In mid-October, in Bologna, Warburg noted in the institutional diary (Tagebuch) that the chief task before him was to determine how the concept of “infinite space”—a mathematical and psychotechnical construct—developed out of the antique model of a stereometrically tiered space through which souls were believed to ascend. A student of shifting mentalities, he saw here a means to follow the move (always reversible) from the imagistic to the numeric, the magical to the rational. How did it come about that the age-old, earth-centered, anthropocentric model was exploded, the model that posited orbiting planets, occupying seven spheres and ruled by planetary deities—the Moon, Mercury, Venus, the Sun, Mars, Jupiter, and Saturn—who (astrologically) governed the affairs of men? This was a cosmology that had allowed the glorification of the individual personality, for it saw the step-by-step upward ascent of the soul through the spheres as the ur-act of spiritual liberation: apotheosis—a phenomenon explored on Panel 7. Giordano Bruno was Warburg’s guide to the shift in consciousness, for in his writings this bold thinker, burned at the stake in Rome in 1600, banished the old gods, peopling the heavens instead with allegorical constellations of moral worth, and proposed an infinite universe where stars were suns.

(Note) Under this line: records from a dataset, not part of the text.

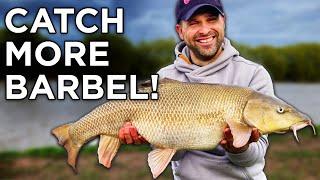 Barbel Fishing Is Easy - If You Get This Right!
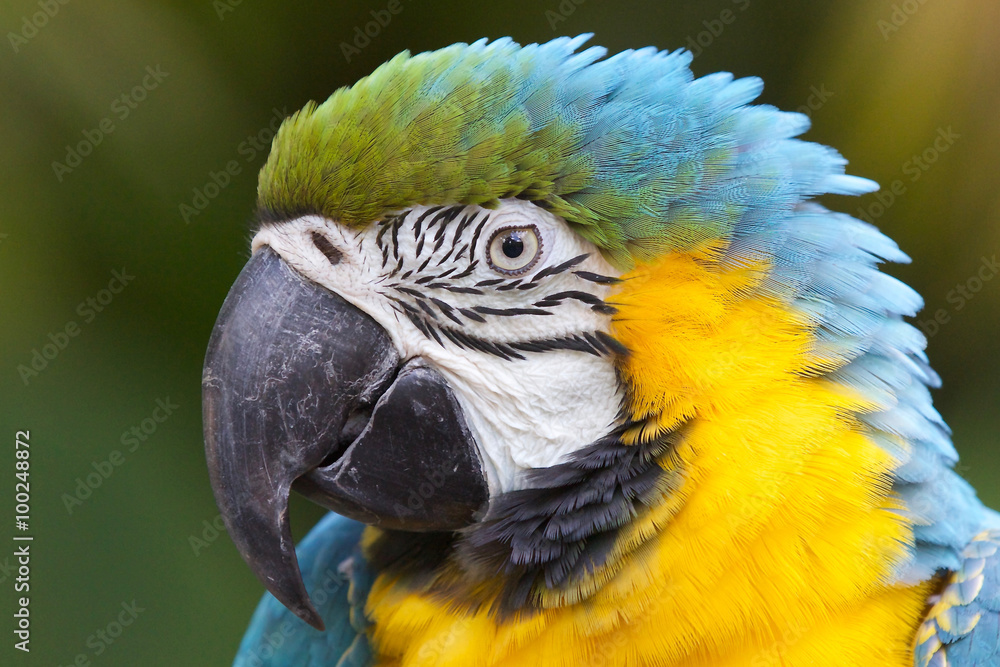 macaw parrot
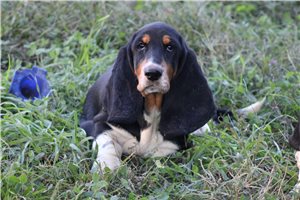 Marigold - puppy for sale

Panel 8, posthumously labeled Ascent to the Sun” (Auffahrt zur Sonne), was given over to archaeological discoveries that shed light on Greco-Roman cults centered on the planetary deity Helios-Sol, daily dispeller of darkness. In seeking out the logic of “heliotropism,” Warburg seized upon the mystery religion Mithraism, dedicated to the worship of the Romanized Indo-Iranian solar deity Mithras, premised on the earth-centered cosmology and notions of ascent, holding out the promise of personal salvation to the Roman soldiers who were foremost among its initiates. In a letter of January 7, 1929 to his young collaborator Fritz Saxl, directing the Warburg Library in Hamburg in his absence, Warburg expressed the hope that the study of Bruno would help him in his pursuit of the “the psychology and phenomenology of ascent,” so that “the path from Mithras to Rubens might shine forth.” For Warburg, as he had written to Saxl in October, Rubens’ “Apotheosis” paintings signified the “opening up” (Aufschliessung) of heaven.

Themes introduced in Panel 8 would be picked up in Panel 56: “Ascent and Fall” (Auffahrt und Sturz).